Local speech-to-text with whisper.cpp — a self-hosted Google Speech API alternative (2026)

Years ago I ran transcription through the Google Speech API. In 2026 you don't need a cloud API for that — whisper.cpp runs OpenAI's Whisper models locally on a laptop, CPU or GPU, with no keys and nothing leaving the machine. Here's the full path from clone to transcript.

TL;DR — whisper.cpp runs OpenAI’s Whisper speech-to-text models locally. Build it, download a model, convert your audio to 16 kHz mono WAV with ffmpeg, and run whisper-cli -m models/ggml-base.en.bin -f audio.wav. No API key, no upload, no per-minute charge.

This blog has a history of speech-to-text experiments — the old ones leaned on the Google Speech API. The local-model story is dramatically better now: same quality tier, zero cloud dependency.

Why local

A hosted speech API means keys, per-minute billing, and shipping (often sensitive) audio to a third party. whisper.cpp is a small, dependency-light C/C++ port of Whisper that runs the same models offline — on CPU, or accelerated with Metal (Mac) / CUDA (NVIDIA). For batch transcription, private recordings, or just avoiding a metered API, it’s the obvious default in 2026.

Build it

git clone https://github.com/ggml-org/whisper.cpp
cd whisper.cpp
cmake -B build
cmake --build build -j --config Release

The CLI lands at build/bin/whisper-cli. (Older checkouts called this binary ./main — if a guide references main, it’s the same tool under the previous name.)
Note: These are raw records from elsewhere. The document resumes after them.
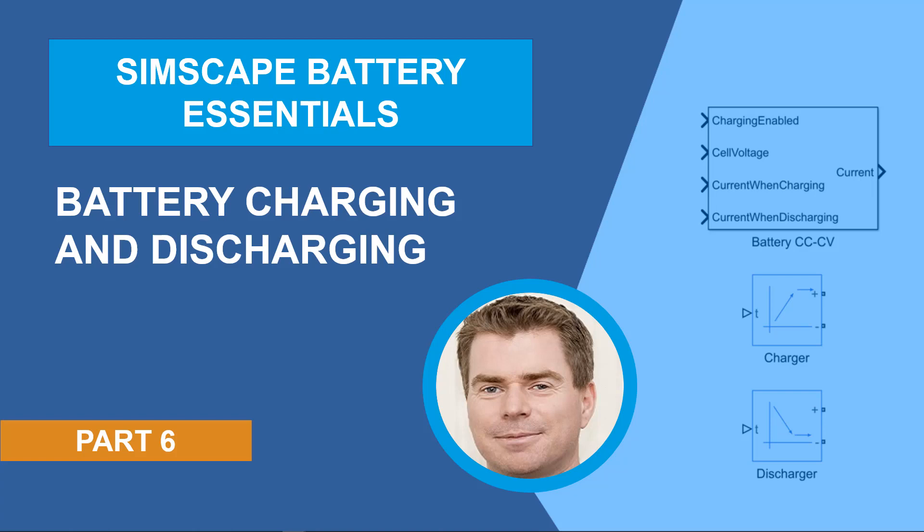Hello everyone, my name is Graham Dudgeon and welcome to part 6 in a series of videos where we'll provide insights and worked examples on the use of Simscape Battery, a new product in the Simscape portfolio.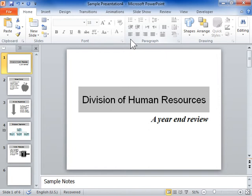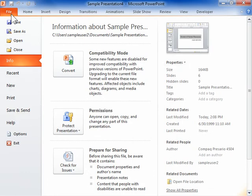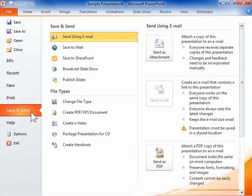Send the slide an email that looks good. Open the slide to be sent. On the File tab, select Save & Send and click Send Using Email.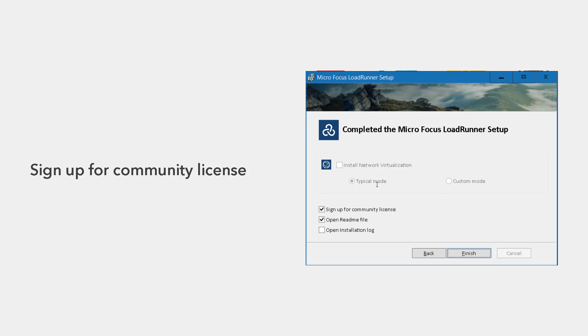So this is the last step in the wizard. Here there will be a checkbox sign up for community license. You have to check this box and click on finish.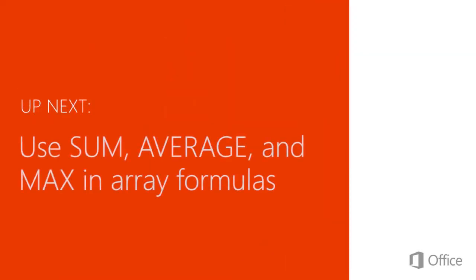Up next, use Sum, Average, and Max in array formulas.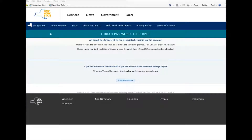Now it says an email has been sent to the associated email ID on the account. Please click on the link within the email to continue your activation process. This URL will expire in 24 hours. Please check your junk mail filters and folders in case the email from ny.govid@its.ny.gov has been blocked.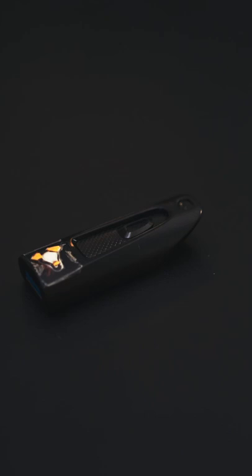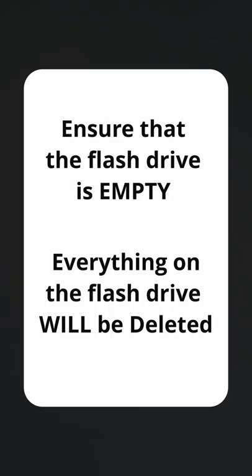Next, grab a flash drive and plug it in. Ensure that there's nothing important on it because we're going to wipe it and replace it with Zorin OS in the next step.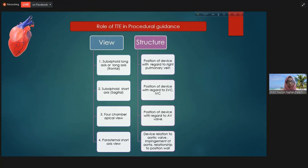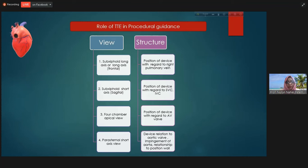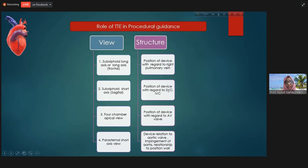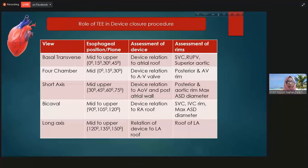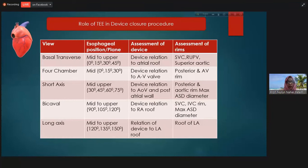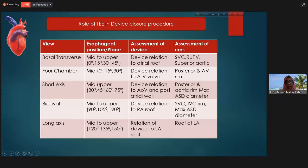For procedural guidance by transthoracic, we mainly take subcostal views, four-chamber views, and parasternal short axis views. From these views we can see the relation of the device with the roof of the right atrium, right pulmonary vein, superior and inferior vena cava, AV valves, and pulmonary vein. With transesophageal echocardiography — from basal transverse four-chamber, short axis, bicaval, and long axis views — we can see the device relationship with the atrial roof, aortic valve, atrioventricular valve, posterior wall of the atrium, and the right and left atrial roofs.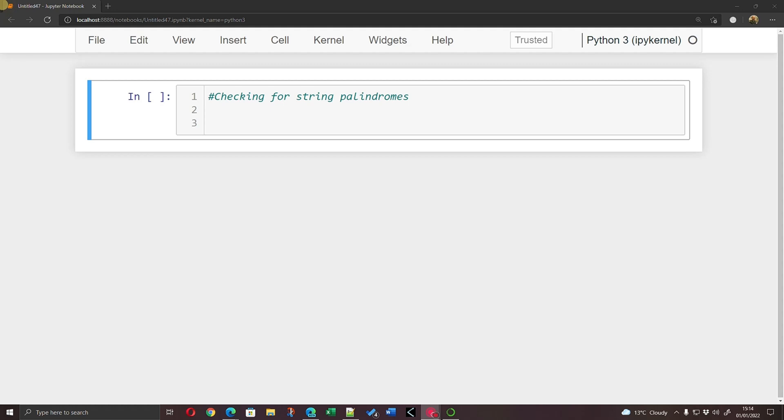Hello everybody, it's a super quick one today. Something that's come up in some of my other videos and from students asking is how do you check for string palindromes in Python? Actually, it's surprisingly easy.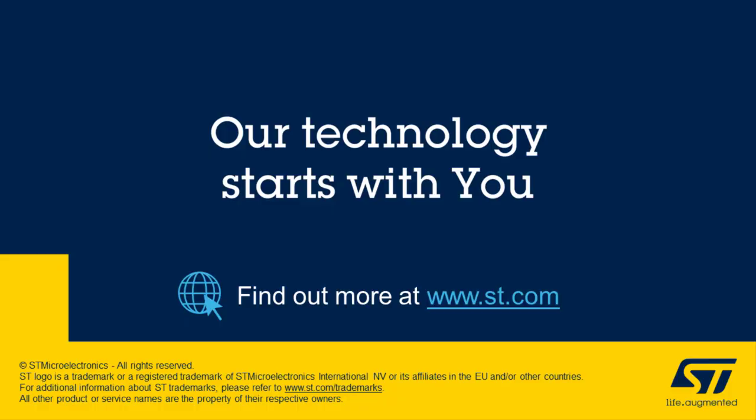And that's all. We are done with the NanoEdge Studio. Thank you.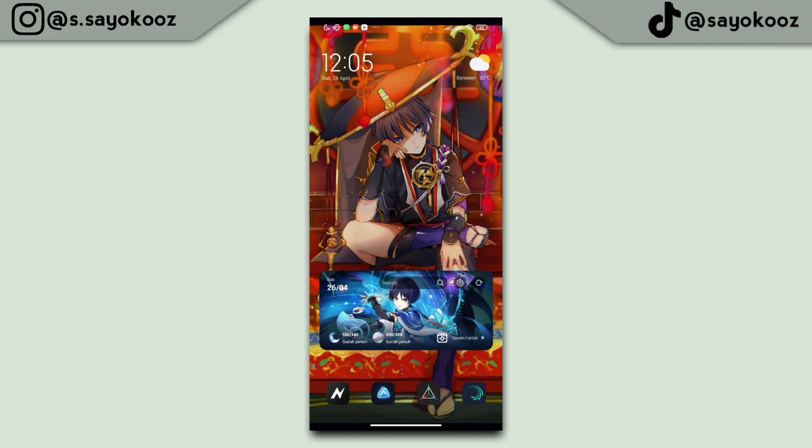Oke guys, kembali lagi bersama saya Sayokos. Di video kali ini saya akan mengajarkan lagi ke kalian cara membuat jedok-jedok 3D lagi di aplikasi AlicMotion. Untuk contoh hasil videonya seperti yang ada di awal video tadi. Jadi sebelum lanjut, jangan lupa klik tombol like, komen, dan subscribe, dan aktifkan notifikasinya agar tidak ketinggalan video terbaru. Langsung aja masuk ke aplikasi AlicMotion.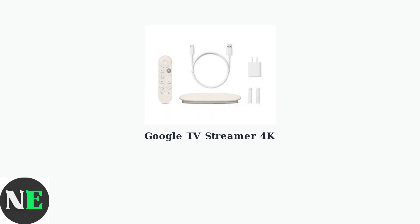Experiencing sound problems with your Google TV Streamer 4K? Let's troubleshoot the most common audio issues step-by-step.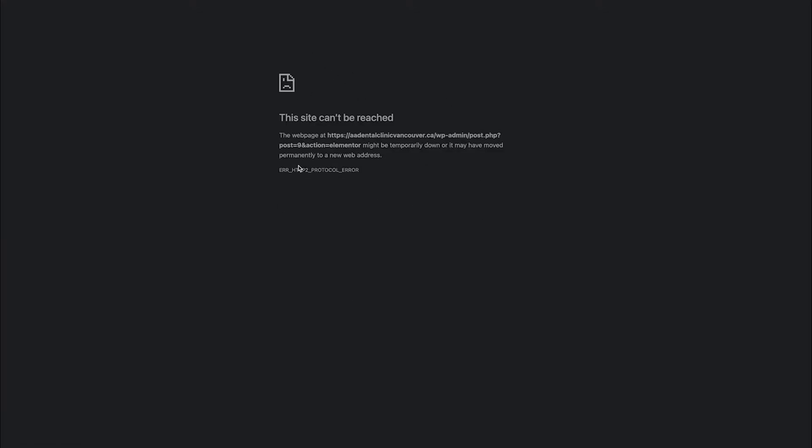In the Elementor page builder, it shows an error with the message that your website link is temporarily down and has moved permanently to a new web address. The error code is shown, and I'll show you how to fix it. It's really quick and easy, so let's do it together.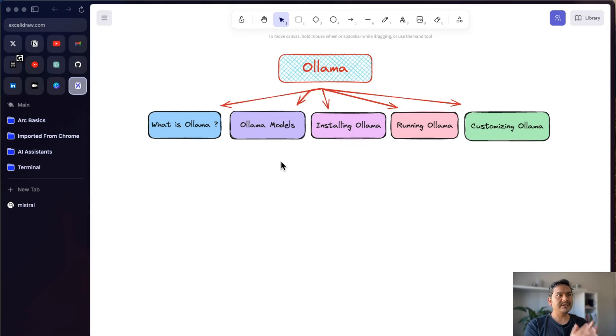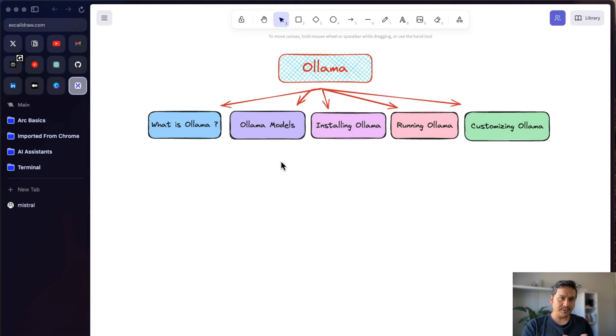That's all for this video. I covered installing Ollama, running models, and customizing them with a system prompt. In the future I'm going to create more videos related to Ollama. I hope you learned something — thank you for watching and see you in the next video.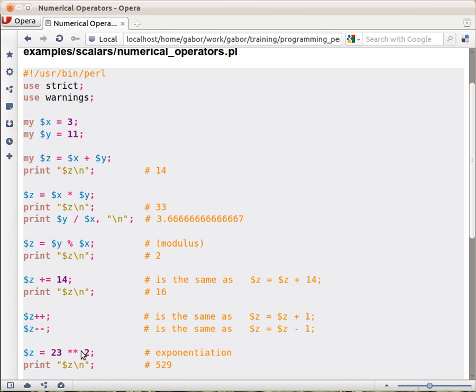Another one: the two stars is exponentiation, so it's 23 times 23, which gives you $z here, which is 529.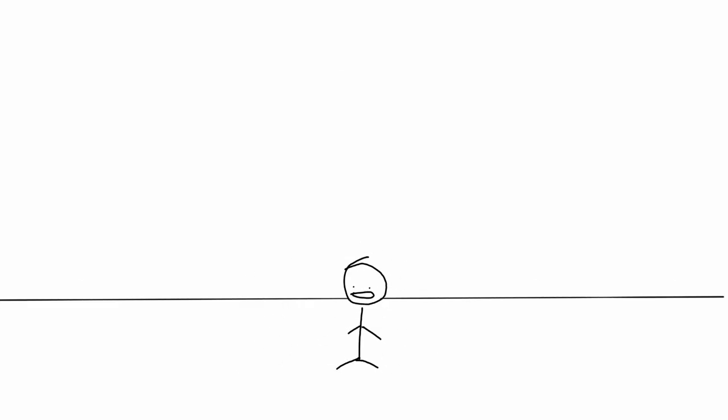Wait, why am I a stick figure now? Okay, anyways, today I'm gonna be trying animation for the first time. If you're wondering why I'm a stick figure instead of a realistic person, well...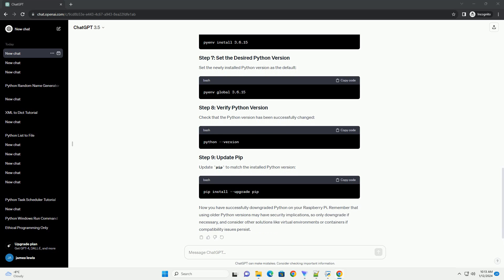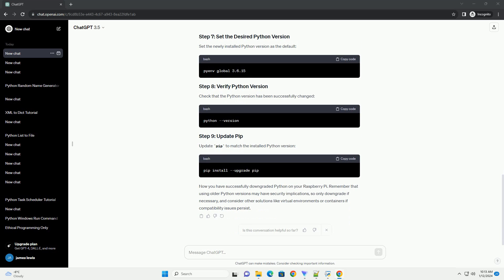If you need to downgrade to Python 2.7, install it using the following commands.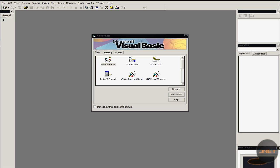Hey guys, welcome to this video. In this video I'm going to show you how to create a port scanner in Visual Basic 6.0.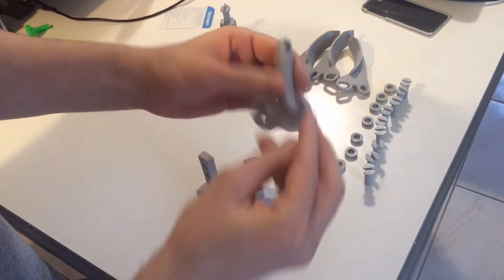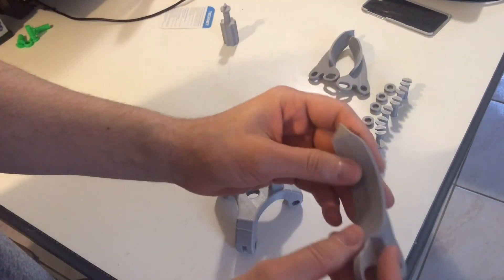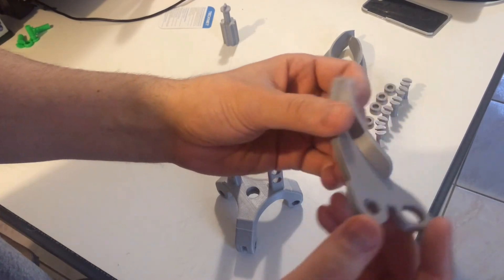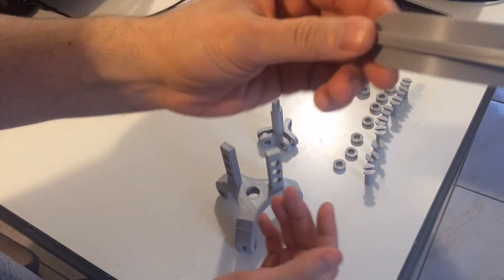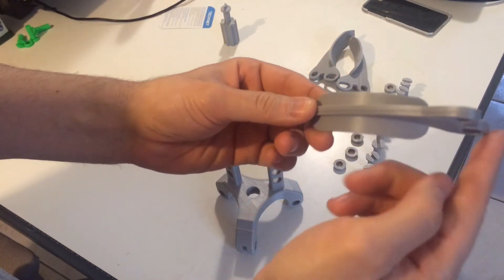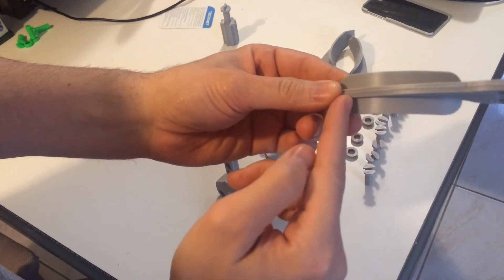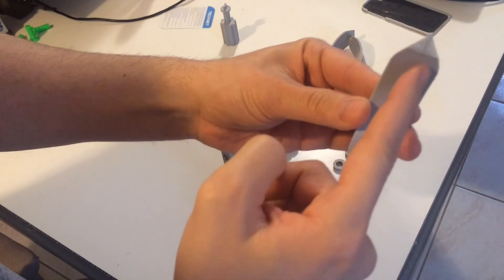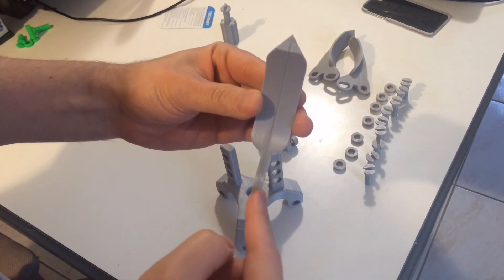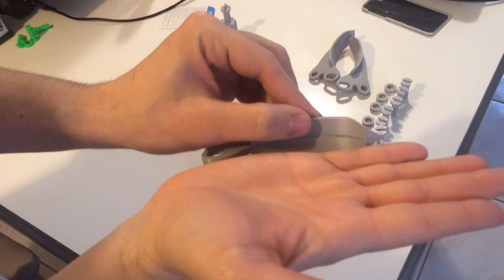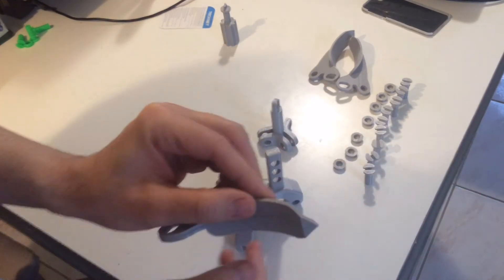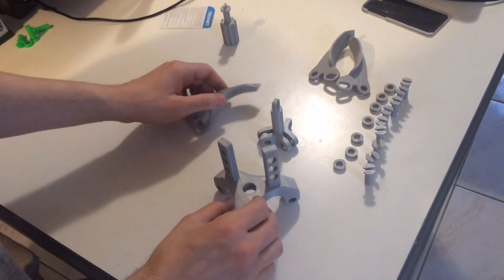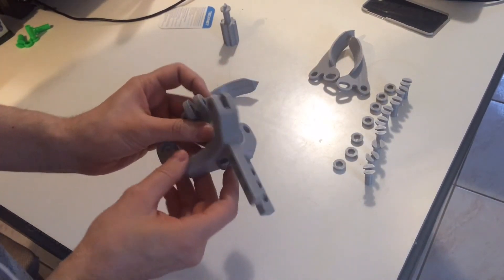This thing printed one piece. This, I cut in half, because it would have printed this way, right? That means there would have been support all under here. So what I did was cut it down the middle and printed it flat like this way. Okay, anyway, let me put it together and we'll mess around with it.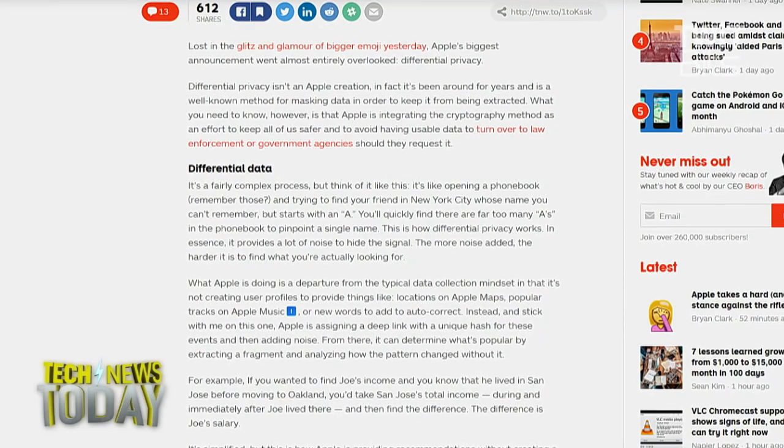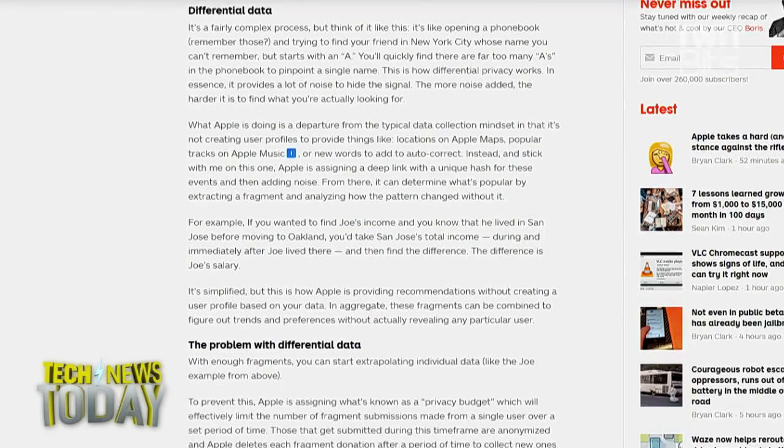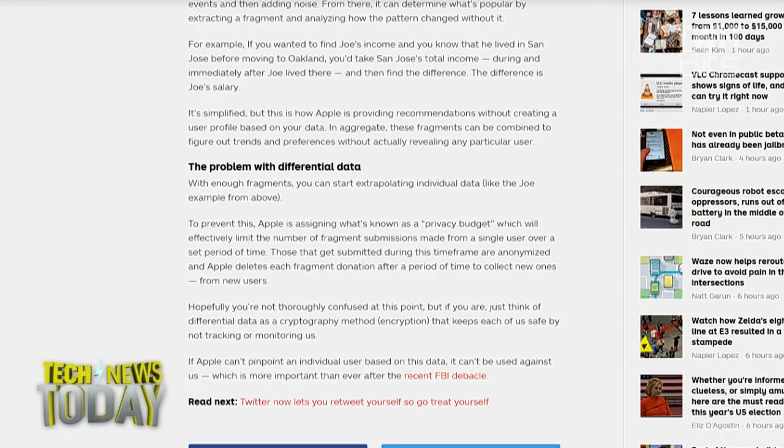For example, the day you get fed up with Jason and decide to come work at The Next Web, Apple can determine your salary at Tech News Today by comparing a spreadsheet from when you're at Tech News Today compared to the one right after you left. The difference will be your salary.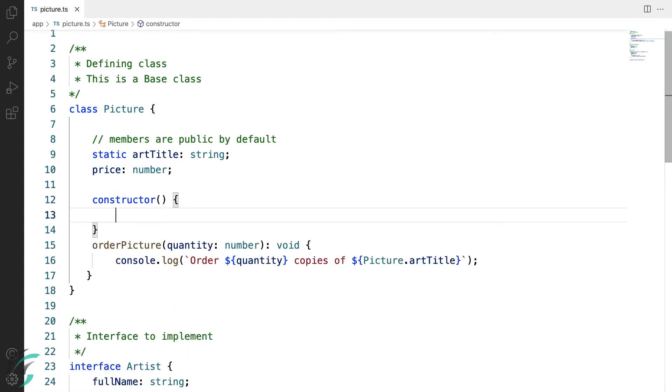Here currently, I haven't passed any parameter to my constructor function. I'll simply add a log statement here.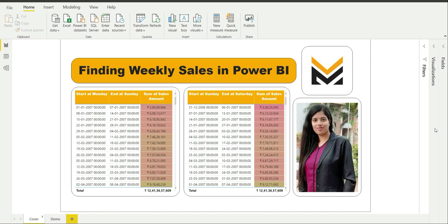Hello everyone, welcome back to our channel ML for Analytics. I am Jyoti Richards and in today's video I will be talking about finding weekly sales in Power BI. This marks the starting point of our new playlist called Zacks Hacks, where we will be covering various hacks and scenarios that we often encounter in real life — in our offices, freelancing projects, or any scenario where we want to gain know-how of implementing things in Power BI or Excel.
On a Mac, Metal acceleration is on by default. For an NVIDIA GPU, configure with CUDA:

cmake -B build -DGGML_CUDA=1
cmake --build build -j --config Release

Get a model

Models are GGML/GGUF files you download once. The helper script fetches them into models/:

sh ./models/download-ggml-model.sh base.en

Pick the size for your accuracy/speed trade-off:

  • tiny.en / base.en — fast, fine for clean English; great on a laptop CPU.
  • small.en — a noticeable accuracy step up, still quick.
  • medium — strong, multilingual.
  • large-v3 — best quality, wants a GPU and a few GB of RAM.

Drop the .en suffix for the multilingual variants. Quantized builds (e.g. base.en-q5_0) cut memory with minimal quality loss.

Convert your audio

Whisper expects 16 kHz mono PCM WAV. Convert anything to that with ffmpeg:

ffmpeg -i recording.mp3 -ar 16000 -ac 1 -c:a pcm_s16le recording.wav
  • -ar 16000 — 16 kHz sample rate
  • -ac 1 — mono
  • -c:a pcm_s16le — 16-bit PCM

Transcribe

./build/bin/whisper-cli -m models/ggml-base.en.bin -f recording.wav

It prints the transcript with timestamps. Write it to files instead:

./build/bin/whisper-cli -m models/ggml-base.en.bin -f recording.wav \
  -otxt -osrt -ovtt -oj
  • -otxt plain text · -osrt SRT subtitles · -ovtt WebVTT · -oj JSON (with word timing).

For non-English audio, use a multilingual model and set the language (or let it auto-detect):

./build/bin/whisper-cli -m models/ggml-medium.bin -l da -f optagelse.wav
# -l auto  to detect automatically; add --translate to render English

Speed notes

  • tiny/base transcribe faster than real time on a modern laptop CPU. large-v3 wants a GPU to be comfortable.
  • Long file? Whisper chunks internally, but you can pre-split with ffmpeg -f segment for parallelism across cores.
  • --threads N tunes CPU usage; Metal/CUDA builds offload the heavy matmuls automatically.

FAQ

Is this the same model as OpenAI’s Whisper?

Yes — whisper.cpp runs the released Whisper weights (converted to GGML/GGUF). The output quality matches the corresponding model size; only the runtime differs.

Do I need a GPU?

No. tiny/base/small are perfectly usable on CPU. A GPU mainly helps with medium/large and long batches.

How accurate is it versus a cloud speech API?

For clean audio, small.en and up is competitive with the major hosted APIs, and large-v3 generally beats them — with the bonus that nothing leaves your machine.

Can it do live/streaming transcription?

There’s a stream example in the repo that does near-real-time from a microphone. It’s rougher than batch mode but works for live captions.

Summary

  • Build whisper.cpp, download a model with download-ggml-model.sh.
  • Convert audio to 16 kHz mono WAV with ffmpeg.
  • whisper-cli -m models/ggml-base.en.bin -f audio.wav — local, key-free transcription.
  • Scale the model size to your hardware; use -l/--translate for other languages.